The race was won by Australian driver, Alan Jones driving a Williams FW07B. The win was Jones' eighth Formula One Grand Prix victory and his fourth of the year. Including the non-championship Spanish Grand Prix it was Jones' third victory in a row as he built his charge towards becoming the 1980 World Drivers' Champion. Jones won by eleven seconds over the man becoming his arch-rival, Brazilian driver Nelson Piquet driving a Brabham BT49. Third, and the only other car to finish on the lead lap, was Jones' Williams Grand Prix Engineering teammate, Argentine driver Carlos Reutemann.

==Report==
===Background===
In the two weeks between the French and British Grands Prix, Brabham decided to replace Ricardo Zunino with Mexican driver Héctor Rebaque, while the Shadow team closed down. There were still 27 cars on the entry list, as RAM Racing entered year-old Williams FW07s for Rupert Keegan and South African female racer Desiré Wilson.

===Qualifying===
For the third consecutive race, a Ligier driver took pole position, Didier Pironi setting a time some 5.8 seconds faster than the pole time set by Ronnie Peterson at the previous Grand Prix at Brands Hatch two years before. Pironi's teammate Jacques Laffite was alongside on the front row, while the works Williams filled the second row with championship leader Alan Jones ahead of Carlos Reutemann. On the third row were Nelson Piquet in the Brabham and Bruno Giacomelli in the Alfa Romeo, and on the fourth were Alain Prost in the McLaren and Patrick Depailler in the second Alfa Romeo. Mario Andretti in the Lotus and Derek Daly in the Tyrrell completed the top ten.
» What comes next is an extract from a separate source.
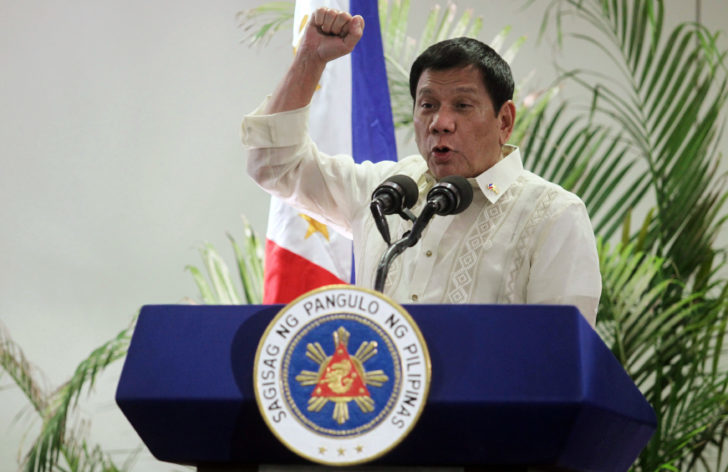 Philippine President Rodrigo Duterte speaks after arriving from Malaysia, at Davao International airport in Davao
The Renaults and Ferraris had issues with their Michelin tyres, and Jean-Pierre Jabouille and René Arnoux could only manage 13th and 16th respectively for the French team, while Gilles Villeneuve and reigning champion Jody Scheckter struggled to 19th and 23rd respectively for the Italian outfit, and were both out-qualified by Keegan's private Williams. Wilson failed to qualify in the other private Williams.

===Race===
At the start, Pironi led with Laffite holding off Jones and Piquet passing Reutemann for fourth. Pironi held a comfortable lead until lap 19, when he suffered a deflating front tyre followed by a long pit stop to replace it. Laffite led until he too suffered a deflating tyre, causing him to spin off into catch fencing at Hawthorn Bend on lap 31. Thereafter, Jones retained a comfortable advantage over Piquet and Reutemann, while Pironi made a charge from the back of the field, reaching fifth before suffering another tyre failure on lap 64. It was later established that the Ligiers' problems were caused by their wheel rims cracking.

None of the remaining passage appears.